INFORMATION SHOWN:

■ ■ ■ ■

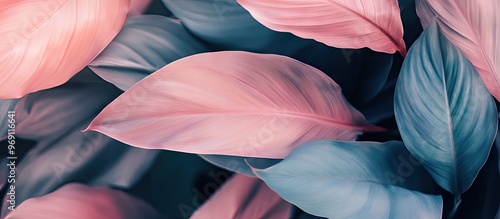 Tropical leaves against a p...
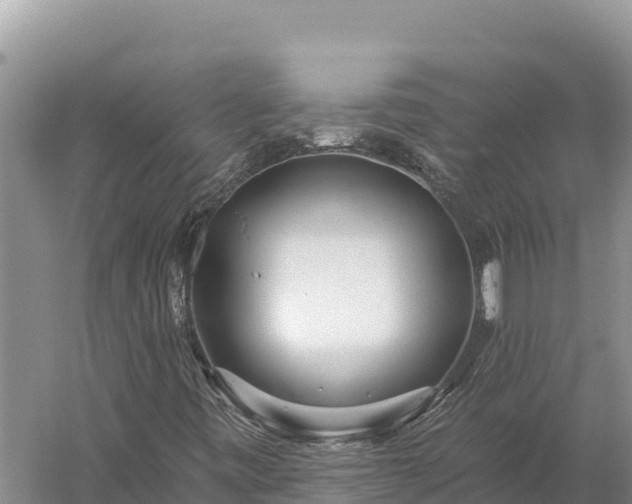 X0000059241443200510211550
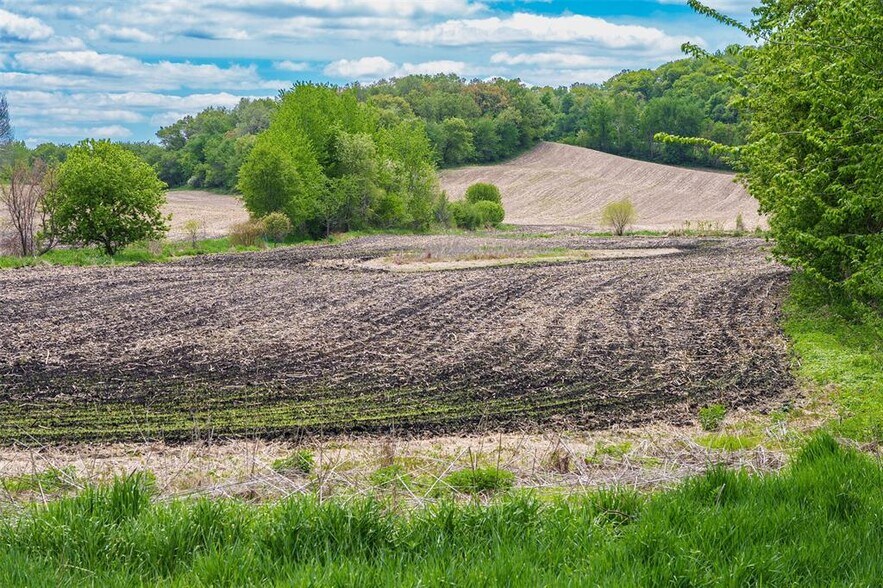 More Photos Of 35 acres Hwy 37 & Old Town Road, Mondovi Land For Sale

■ ■ ■ ■

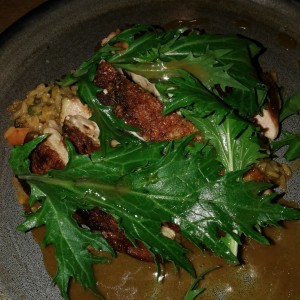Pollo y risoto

■ ■ ■ ■

TRY IT: With the pictures omitted, copy exactly the lines of the listing above starting at the line containing "Tropical leaves against a p..." and ending at the line containing "More Photos Of", both included.

YOUR RESPONSE:
 Tropical leaves against a p...
 X0000059241443200510211550
 More Photos Of 35 acres Hwy 37 & Old Town Road, Mondovi Land For Sale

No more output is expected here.